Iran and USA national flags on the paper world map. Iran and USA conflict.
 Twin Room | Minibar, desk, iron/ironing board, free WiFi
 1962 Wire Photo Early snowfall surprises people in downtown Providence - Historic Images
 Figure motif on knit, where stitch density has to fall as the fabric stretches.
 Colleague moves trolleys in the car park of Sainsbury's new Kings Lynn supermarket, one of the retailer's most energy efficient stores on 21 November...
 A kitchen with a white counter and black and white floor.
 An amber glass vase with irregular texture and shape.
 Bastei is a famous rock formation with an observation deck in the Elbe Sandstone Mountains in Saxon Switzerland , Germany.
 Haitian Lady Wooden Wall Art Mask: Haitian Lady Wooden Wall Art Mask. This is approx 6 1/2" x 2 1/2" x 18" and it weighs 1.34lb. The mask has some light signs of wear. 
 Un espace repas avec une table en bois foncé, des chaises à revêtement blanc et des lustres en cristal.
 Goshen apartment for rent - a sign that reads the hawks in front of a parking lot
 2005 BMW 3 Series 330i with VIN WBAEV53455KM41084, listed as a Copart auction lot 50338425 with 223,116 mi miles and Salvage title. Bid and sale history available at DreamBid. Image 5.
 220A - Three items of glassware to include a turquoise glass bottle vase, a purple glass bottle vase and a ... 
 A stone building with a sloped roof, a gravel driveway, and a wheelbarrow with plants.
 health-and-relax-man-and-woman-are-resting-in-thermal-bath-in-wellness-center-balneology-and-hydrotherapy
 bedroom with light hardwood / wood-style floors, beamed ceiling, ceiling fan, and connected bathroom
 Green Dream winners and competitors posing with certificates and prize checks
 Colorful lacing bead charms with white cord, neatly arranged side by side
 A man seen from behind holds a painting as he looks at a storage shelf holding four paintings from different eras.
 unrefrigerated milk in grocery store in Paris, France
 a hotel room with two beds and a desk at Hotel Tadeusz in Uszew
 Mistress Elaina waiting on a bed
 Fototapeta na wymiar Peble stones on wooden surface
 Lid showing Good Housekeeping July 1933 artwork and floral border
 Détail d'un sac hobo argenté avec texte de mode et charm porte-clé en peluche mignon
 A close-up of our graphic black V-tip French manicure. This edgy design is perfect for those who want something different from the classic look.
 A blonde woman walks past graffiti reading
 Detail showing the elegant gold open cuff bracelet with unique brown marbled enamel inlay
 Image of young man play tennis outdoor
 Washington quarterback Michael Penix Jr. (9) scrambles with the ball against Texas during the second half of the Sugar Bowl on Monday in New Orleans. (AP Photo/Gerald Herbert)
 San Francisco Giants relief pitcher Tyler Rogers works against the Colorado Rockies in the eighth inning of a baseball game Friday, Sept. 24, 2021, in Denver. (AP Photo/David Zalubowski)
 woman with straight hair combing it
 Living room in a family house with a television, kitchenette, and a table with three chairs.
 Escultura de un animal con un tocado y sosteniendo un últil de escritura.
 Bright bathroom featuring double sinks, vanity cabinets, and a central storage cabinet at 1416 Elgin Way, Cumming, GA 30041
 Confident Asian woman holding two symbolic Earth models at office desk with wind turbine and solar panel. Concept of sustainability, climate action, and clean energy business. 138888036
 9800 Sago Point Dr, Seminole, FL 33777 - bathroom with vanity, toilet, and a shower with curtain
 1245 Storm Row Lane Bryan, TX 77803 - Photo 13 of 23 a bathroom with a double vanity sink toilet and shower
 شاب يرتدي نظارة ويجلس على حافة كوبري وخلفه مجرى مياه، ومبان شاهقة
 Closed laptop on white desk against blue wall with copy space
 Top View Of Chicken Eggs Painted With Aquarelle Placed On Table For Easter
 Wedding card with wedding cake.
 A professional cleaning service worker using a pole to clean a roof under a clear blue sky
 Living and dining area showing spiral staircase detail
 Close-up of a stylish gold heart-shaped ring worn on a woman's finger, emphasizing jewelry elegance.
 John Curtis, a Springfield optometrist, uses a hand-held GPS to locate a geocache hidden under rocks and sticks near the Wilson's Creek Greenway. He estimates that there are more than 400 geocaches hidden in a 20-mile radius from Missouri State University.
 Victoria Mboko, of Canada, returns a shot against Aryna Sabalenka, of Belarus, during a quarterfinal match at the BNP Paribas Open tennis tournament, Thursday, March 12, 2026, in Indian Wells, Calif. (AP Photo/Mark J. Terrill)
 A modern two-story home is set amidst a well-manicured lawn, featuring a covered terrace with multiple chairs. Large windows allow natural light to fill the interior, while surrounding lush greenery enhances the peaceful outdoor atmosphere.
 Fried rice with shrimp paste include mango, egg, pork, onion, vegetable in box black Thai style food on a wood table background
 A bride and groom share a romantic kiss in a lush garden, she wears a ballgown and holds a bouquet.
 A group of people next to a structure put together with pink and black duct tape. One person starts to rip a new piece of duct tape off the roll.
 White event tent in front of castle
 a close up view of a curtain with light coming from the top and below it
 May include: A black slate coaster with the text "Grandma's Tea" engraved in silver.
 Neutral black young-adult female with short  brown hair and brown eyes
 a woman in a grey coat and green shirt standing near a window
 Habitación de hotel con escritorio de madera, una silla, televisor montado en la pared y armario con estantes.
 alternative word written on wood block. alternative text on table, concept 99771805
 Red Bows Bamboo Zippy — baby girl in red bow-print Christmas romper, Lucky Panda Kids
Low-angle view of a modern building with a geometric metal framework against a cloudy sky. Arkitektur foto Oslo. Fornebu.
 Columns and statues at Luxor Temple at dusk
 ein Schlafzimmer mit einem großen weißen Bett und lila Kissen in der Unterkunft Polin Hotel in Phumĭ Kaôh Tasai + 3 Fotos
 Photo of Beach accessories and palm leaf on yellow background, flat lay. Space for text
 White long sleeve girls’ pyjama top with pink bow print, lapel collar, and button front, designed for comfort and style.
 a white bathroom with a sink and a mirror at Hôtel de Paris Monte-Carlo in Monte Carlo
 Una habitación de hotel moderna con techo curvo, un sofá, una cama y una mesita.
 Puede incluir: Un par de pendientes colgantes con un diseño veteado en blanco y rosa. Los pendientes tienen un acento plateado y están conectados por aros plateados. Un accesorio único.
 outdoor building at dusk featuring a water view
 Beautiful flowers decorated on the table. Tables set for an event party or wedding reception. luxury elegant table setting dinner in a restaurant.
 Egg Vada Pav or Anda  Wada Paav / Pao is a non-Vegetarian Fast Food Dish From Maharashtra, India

▶ **Exercise**: Please copy the material exactly, line for line.

▶ **Problem solution**:
Iran and USA national flags on the paper world map. Iran and USA conflict.
 Twin Room | Minibar, desk, iron/ironing board, free WiFi
 1962 Wire Photo Early snowfall surprises people in downtown Providence - Historic Images
 Figure motif on knit, where stitch density has to fall as the fabric stretches.
 Colleague moves trolleys in the car park of Sainsbury's new Kings Lynn supermarket, one of the retailer's most energy efficient stores on 21 November...
 A kitchen with a white counter and black and white floor.
 An amber glass vase with irregular texture and shape.
 Bastei is a famous rock formation with an observation deck in the Elbe Sandstone Mountains in Saxon Switzerland , Germany.
 Haitian Lady Wooden Wall Art Mask: Haitian Lady Wooden Wall Art Mask. This is approx 6 1/2" x 2 1/2" x 18" and it weighs 1.34lb. The mask has some light signs of wear. 
 Un espace repas avec une table en bois foncé, des chaises à revêtement blanc et des lustres en cristal.
 Goshen apartment for rent - a sign that reads the hawks in front of a parking lot
 2005 BMW 3 Series 330i with VIN WBAEV53455KM41084, listed as a Copart auction lot 50338425 with 223,116 mi miles and Salvage title. Bid and sale history available at DreamBid. Image 5.
 220A - Three items of glassware to include a turquoise glass bottle vase, a purple glass bottle vase and a ... 
 A stone building with a sloped roof, a gravel driveway, and a wheelbarrow with plants.
 health-and-relax-man-and-woman-are-resting-in-thermal-bath-in-wellness-center-balneology-and-hydrotherapy
 bedroom with light hardwood / wood-style floors, beamed ceiling, ceiling fan, and connected bathroom
 Green Dream winners and competitors posing with certificates and prize checks
 Colorful lacing bead charms with white cord, neatly arranged side by side
 A man seen from behind holds a painting as he looks at a storage shelf holding four paintings from different eras.
 unrefrigerated milk in grocery store in Paris, France
 a hotel room with two beds and a desk at Hotel Tadeusz in Uszew
 Mistress Elaina waiting on a bed
 Fototapeta na wymiar Peble stones on wooden surface
 Lid showing Good Housekeeping July 1933 artwork and floral border
 Détail d'un sac hobo argenté avec texte de mode et charm porte-clé en peluche mignon
 A close-up of our graphic black V-tip French manicure. This edgy design is perfect for those who want something different from the classic look.
 A blonde woman walks past graffiti reading
 Detail showing the elegant gold open cuff bracelet with unique brown marbled enamel inlay
 Image of young man play tennis outdoor
 Washington quarterback Michael Penix Jr. (9) scrambles with the ball against Texas during the second half of the Sugar Bowl on Monday in New Orleans. (AP Photo/Gerald Herbert)
 San Francisco Giants relief pitcher Tyler Rogers works against the Colorado Rockies in the eighth inning of a baseball game Friday, Sept. 24, 2021, in Denver. (AP Photo/David Zalubowski)
 woman with straight hair combing it
 Living room in a family house with a television, kitchenette, and a table with three chairs.
 Escultura de un animal con un tocado y sosteniendo un últil de escritura.
 Bright bathroom featuring double sinks, vanity cabinets, and a central storage cabinet at 1416 Elgin Way, Cumming, GA 30041
 Confident Asian woman holding two symbolic Earth models at office desk with wind turbine and solar panel. Concept of sustainability, climate action, and clean energy business. 138888036
 9800 Sago Point Dr, Seminole, FL 33777 - bathroom with vanity, toilet, and a shower with curtain
 1245 Storm Row Lane Bryan, TX 77803 - Photo 13 of 23 a bathroom with a double vanity sink toilet and shower
 شاب يرتدي نظارة ويجلس على حافة كوبري وخلفه مجرى مياه، ومبان شاهقة
 Closed laptop on white desk against blue wall with copy space
 Top View Of Chicken Eggs Painted With Aquarelle Placed On Table For Easter
 Wedding card with wedding cake.
 A professional cleaning service worker using a pole to clean a roof under a clear blue sky
 Living and dining area showing spiral staircase detail
 Close-up of a stylish gold heart-shaped ring worn on a woman's finger, emphasizing jewelry elegance.
 John Curtis, a Springfield optometrist, uses a hand-held GPS to locate a geocache hidden under rocks and sticks near the Wilson's Creek Greenway. He estimates that there are more than 400 geocaches hidden in a 20-mile radius from Missouri State University.
 Victoria Mboko, of Canada, returns a shot against Aryna Sabalenka, of Belarus, during a quarterfinal match at the BNP Paribas Open tennis tournament, Thursday, March 12, 2026, in Indian Wells, Calif. (AP Photo/Mark J. Terrill)
 A modern two-story home is set amidst a well-manicured lawn, featuring a covered terrace with multiple chairs. Large windows allow natural light to fill the interior, while surrounding lush greenery enhances the peaceful outdoor atmosphere.
 Fried rice with shrimp paste include mango, egg, pork, onion, vegetable in box black Thai style food on a wood table background
 A bride and groom share a romantic kiss in a lush garden, she wears a ballgown and holds a bouquet.
 A group of people next to a structure put together with pink and black duct tape. One person starts to rip a new piece of duct tape off the roll.
 White event tent in front of castle
 a close up view of a curtain with light coming from the top and below it
 May include: A black slate coaster with the text "Grandma's Tea" engraved in silver.
 Neutral black young-adult female with short  brown hair and brown eyes
 a woman in a grey coat and green shirt standing near a window
 Habitación de hotel con escritorio de madera, una silla, televisor montado en la pared y armario con estantes.
 alternative word written on wood block. alternative text on table, concept 99771805
 Red Bows Bamboo Zippy — baby girl in red bow-print Christmas romper, Lucky Panda Kids
Low-angle view of a modern building with a geometric metal framework against a cloudy sky. Arkitektur foto Oslo. Fornebu.
 Columns and statues at Luxor Temple at dusk
 ein Schlafzimmer mit einem großen weißen Bett und lila Kissen in der Unterkunft Polin Hotel in Phumĭ Kaôh Tasai + 3 Fotos
 Photo of Beach accessories and palm leaf on yellow background, flat lay. Space for text
 White long sleeve girls’ pyjama top with pink bow print, lapel collar, and button front, designed for comfort and style.
 a white bathroom with a sink and a mirror at Hôtel de Paris Monte-Carlo in Monte Carlo
 Una habitación de hotel moderna con techo curvo, un sofá, una cama y una mesita.
 Puede incluir: Un par de pendientes colgantes con un diseño veteado en blanco y rosa. Los pendientes tienen un acento plateado y están conectados por aros plateados. Un accesorio único.
 outdoor building at dusk featuring a water view
 Beautiful flowers decorated on the table. Tables set for an event party or wedding reception. luxury elegant table setting dinner in a restaurant.
 Egg Vada Pav or Anda  Wada Paav / Pao is a non-Vegetarian Fast Food Dish From Maharashtra, India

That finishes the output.